Int J Thyroidol.  2023 May;16(1):128-133. 10.11106/ijt.2023.16.1.128.

Ultrasonographic Development and Progression of a Thyroid Nodule in a Girl with TPO-Mutated Dyshormonogenesis during Levothyroxine Supplementation

Affiliations
  • 1Department of Pediatrics and Adolescent Medicine, Chungbuk National University Hospital, Cheongju, Korea
  • 2Department of Pediatrics, Chungbuk National University College of Medicine, Cheongju, Korea

Abstract

Dyshormonogenesis is caused by genetic defects in thyroid hormone synthesis. The most common form is thyroid peroxidase (TPO) deficiency. Clinically variable degree of hypothyroidism and thyroid gland enlargement depend on the severity of the defect. We report 22-year-old female with congenital hypothyroidism (CH) caused by TPO deficiency. Since goitrous CH was diagnosed at 8-year-old, L-thyroxine has been supplemented. Her goiter size was fluctuated according to the compliance on the medication. After 3.5 years of medication, ultrasonography found solid nodule, which was interpreted as nodular hyperplasia pathologically. The nodule size did not change during recent 10 years except peripheral calcification. Genetic analysis using NGS for CH revealed compound heterozygous variants of c.2757del;p.(Met921Trpfs*53) and c.1580G>T;p.(Trp527Leu) in TPO gene. The first variant inherited from asymptomatic mother is pathogenic frame-shift mutation associated with stop codon, and the second one inherited from her asymptomatic father is predicted as deleterious in bioinformatics software program. From this case, we have observed that nodular change and calcification developed from diffuse enlarged goiter in dyshormonogenetic patient. Early molecular diagnosis of dyshormonogenesis and TSH suppression is important for not developing thyroid nodules in case of childhood euthyroid goiter without thyroid autoantibodies.

Keyword

Congenital hypothyroidism; Thyroid dyshormonogenesis; Thyroid peroxidase; TPO

Figure

  • Fig. 1 Initial thyroid examination at 8.2 years of age, shows diffuse enlargement with increased up-take in the 99mTc scan (left) and diffuse thyroid enlargement with heterogeneous echogenicity in ultrasonography (right).

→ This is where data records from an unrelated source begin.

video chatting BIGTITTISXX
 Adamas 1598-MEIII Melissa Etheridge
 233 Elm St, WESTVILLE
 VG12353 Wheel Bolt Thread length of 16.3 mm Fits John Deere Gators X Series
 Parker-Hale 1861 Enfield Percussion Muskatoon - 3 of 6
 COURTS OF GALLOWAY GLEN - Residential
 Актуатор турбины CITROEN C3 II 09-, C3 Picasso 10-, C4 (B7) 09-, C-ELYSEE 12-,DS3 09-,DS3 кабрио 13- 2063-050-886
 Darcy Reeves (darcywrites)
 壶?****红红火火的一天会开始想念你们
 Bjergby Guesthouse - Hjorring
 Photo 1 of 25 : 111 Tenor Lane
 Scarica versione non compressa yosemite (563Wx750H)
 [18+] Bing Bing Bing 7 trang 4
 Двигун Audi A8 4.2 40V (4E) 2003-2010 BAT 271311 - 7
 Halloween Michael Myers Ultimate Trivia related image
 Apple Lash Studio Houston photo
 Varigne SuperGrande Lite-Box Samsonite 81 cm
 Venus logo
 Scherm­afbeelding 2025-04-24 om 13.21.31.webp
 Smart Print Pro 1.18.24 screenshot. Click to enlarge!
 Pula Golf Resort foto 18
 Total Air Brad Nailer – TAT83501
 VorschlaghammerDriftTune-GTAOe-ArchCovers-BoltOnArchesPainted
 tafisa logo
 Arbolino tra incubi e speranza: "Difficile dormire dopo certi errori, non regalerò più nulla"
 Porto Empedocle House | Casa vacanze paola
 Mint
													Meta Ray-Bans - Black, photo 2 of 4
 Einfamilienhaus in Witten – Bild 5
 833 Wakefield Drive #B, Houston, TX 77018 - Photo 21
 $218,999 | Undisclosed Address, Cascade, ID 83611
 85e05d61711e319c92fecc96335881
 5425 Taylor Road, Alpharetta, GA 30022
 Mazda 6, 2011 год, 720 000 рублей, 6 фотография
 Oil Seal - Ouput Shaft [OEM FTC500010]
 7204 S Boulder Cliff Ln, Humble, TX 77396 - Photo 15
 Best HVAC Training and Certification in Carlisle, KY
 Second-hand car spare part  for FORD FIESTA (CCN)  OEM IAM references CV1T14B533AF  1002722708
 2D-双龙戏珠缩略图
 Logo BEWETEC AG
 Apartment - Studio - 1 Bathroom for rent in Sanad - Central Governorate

  • Fig. 2 At 11.6 years of age, an isoechoic solid nodule with a peripheral halo is visible in the right thyroid gland with diffusely enlarged and heterogeneously decreased echogenicity of the entire gland (left). Aspiration biopsy shows a benign follicular lesion favoring nodular hyperplasia (middle and right).

  • Fig. 3 At 22 years of age, a well-defined isoechoic solid nodule with peripheral calcification in the right inferior thyroid can be seen, along with an enlarged thyroid gland with diffuse heterogenous echogenicity and increased vascularity.